### Exercise instructions
Pictures are to be left out; every line from the one that holds "#60/ バスケット（black）/ 羊革・シープメッシュ" to the end of the data is to be retyped exactly.
= Beginning of Section =
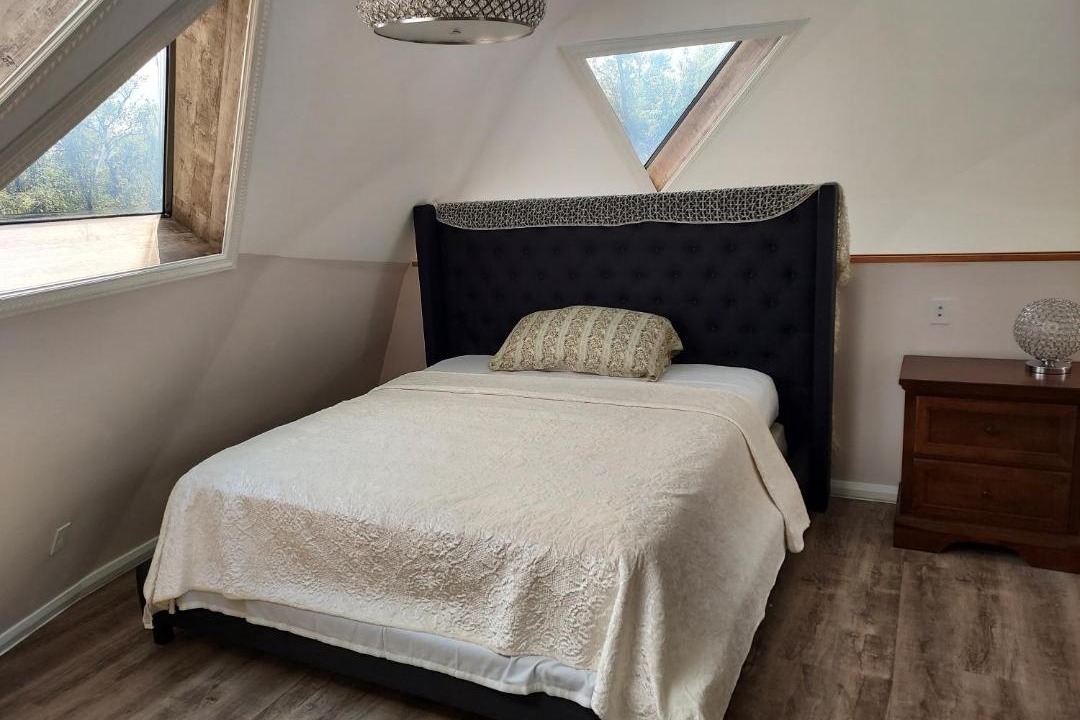 Photo of Bedroom in Mountain View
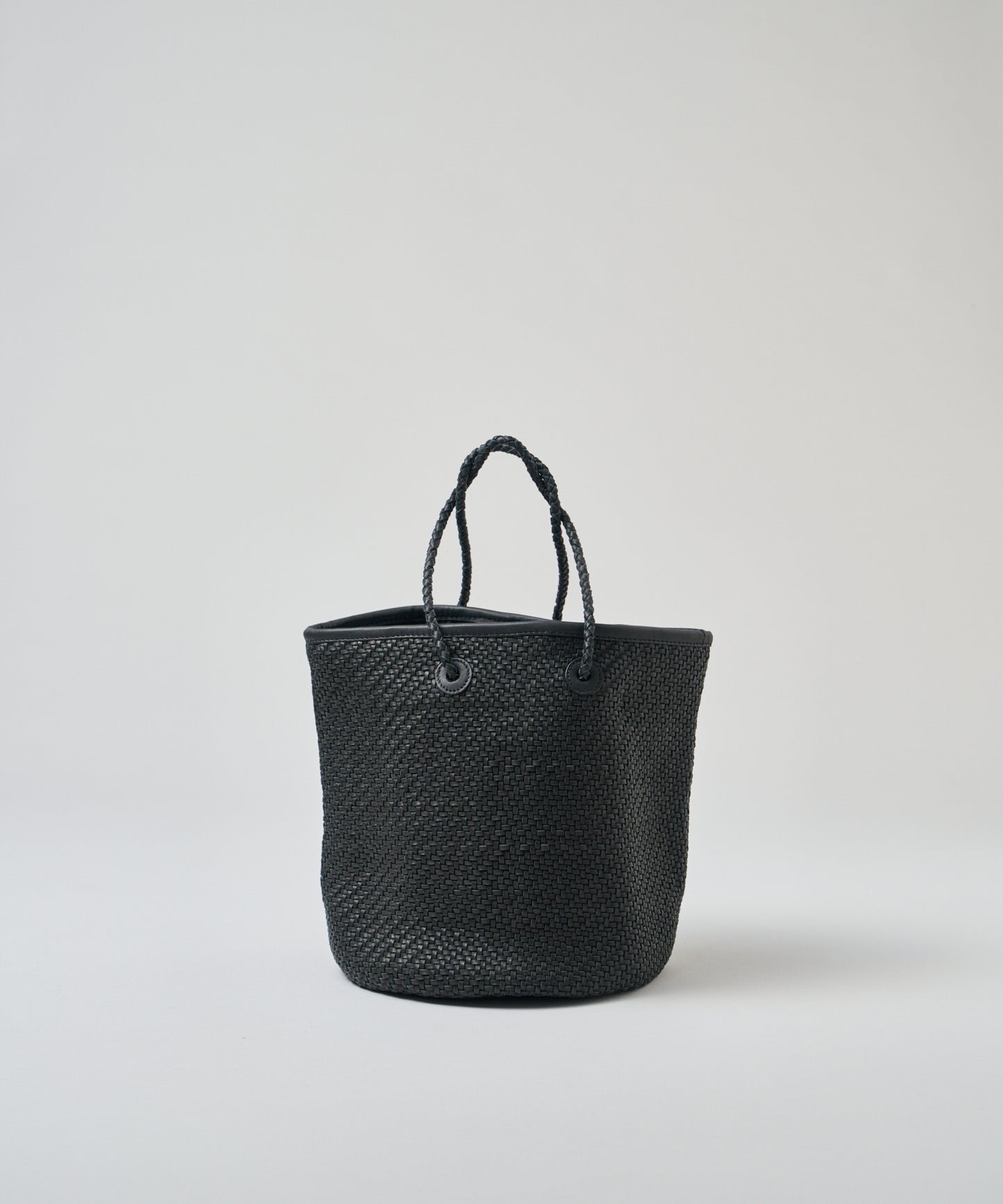 #60/ バスケット（black）/ 羊革・シープメッシュ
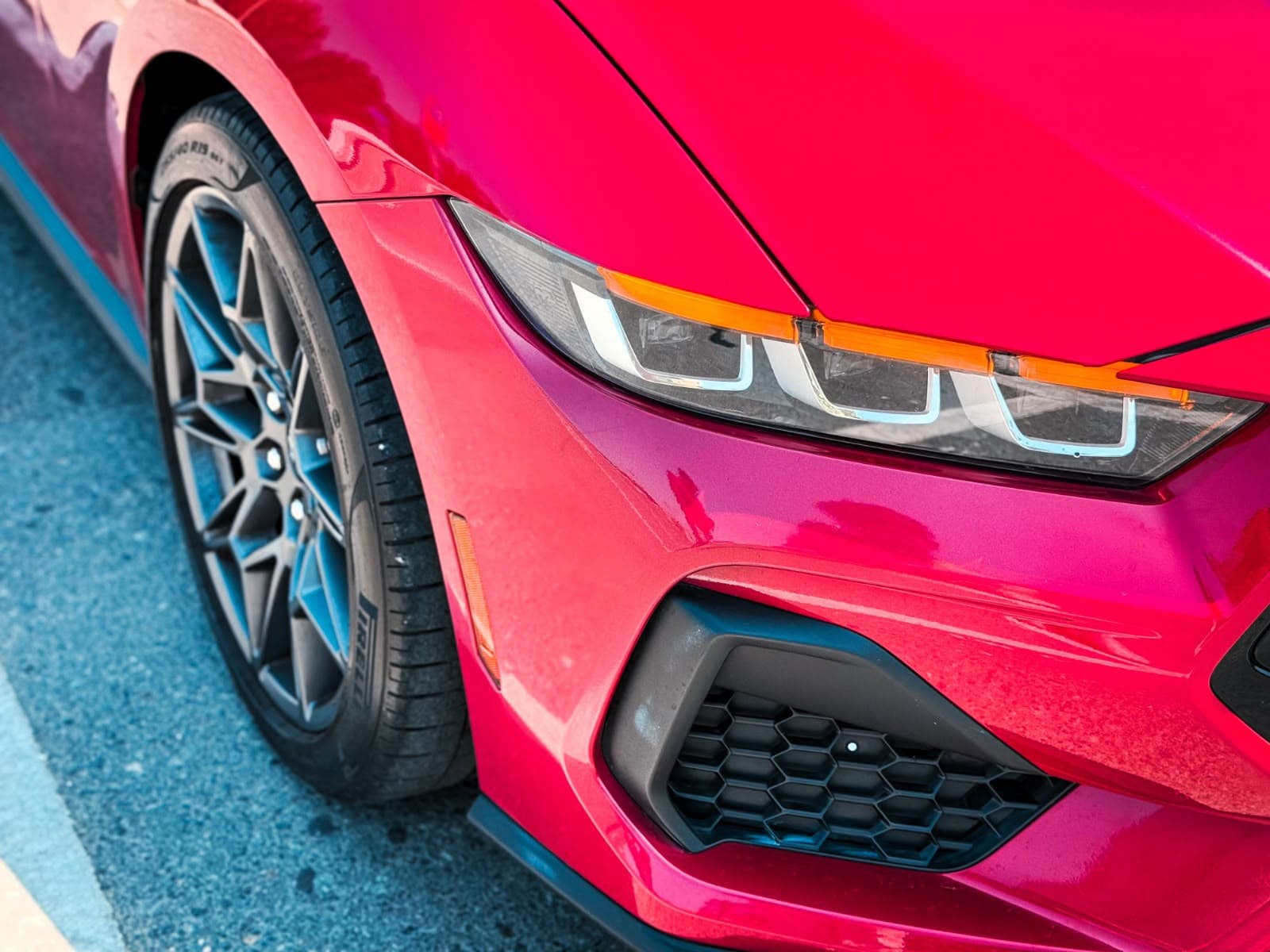 Ford Mustang GT V8, photo 5 of 9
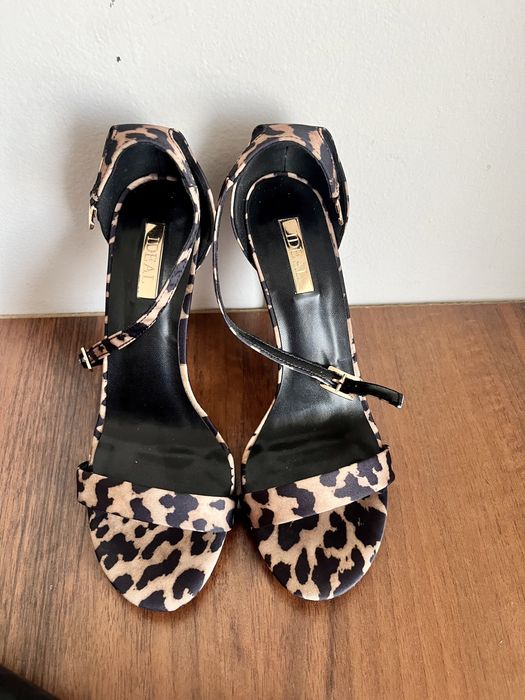 Продам классические босоножки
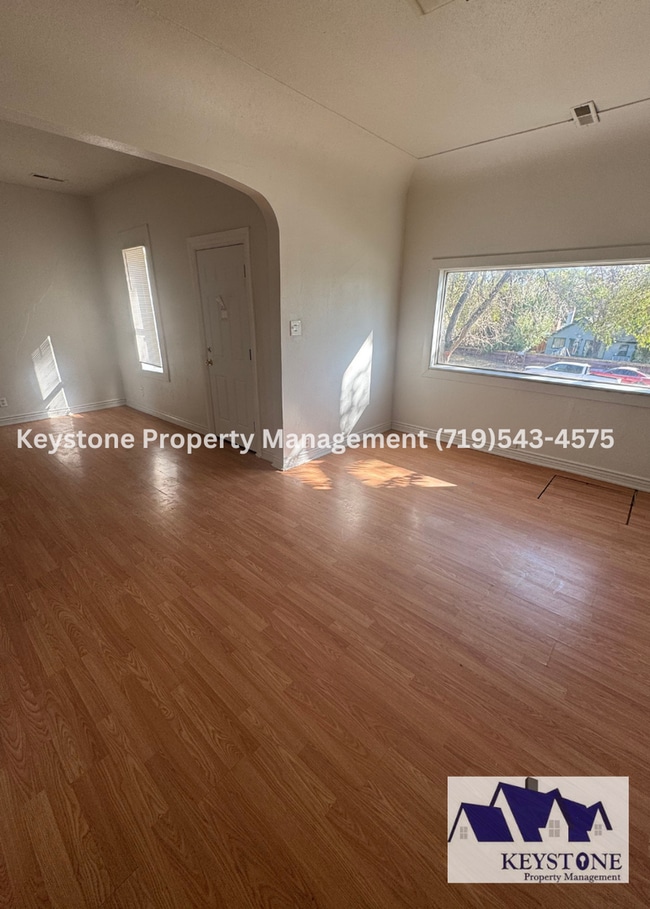 Photo - $550 Off Move In Special! Fresh Paint/New ...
= End of Section =
### Response for this exercise
 #60/ バスケット（black）/ 羊革・シープメッシュ
 Ford Mustang GT V8, photo 5 of 9
 Продам классические босоножки
 Photo - $550 Off Move In Special! Fresh Paint/New ...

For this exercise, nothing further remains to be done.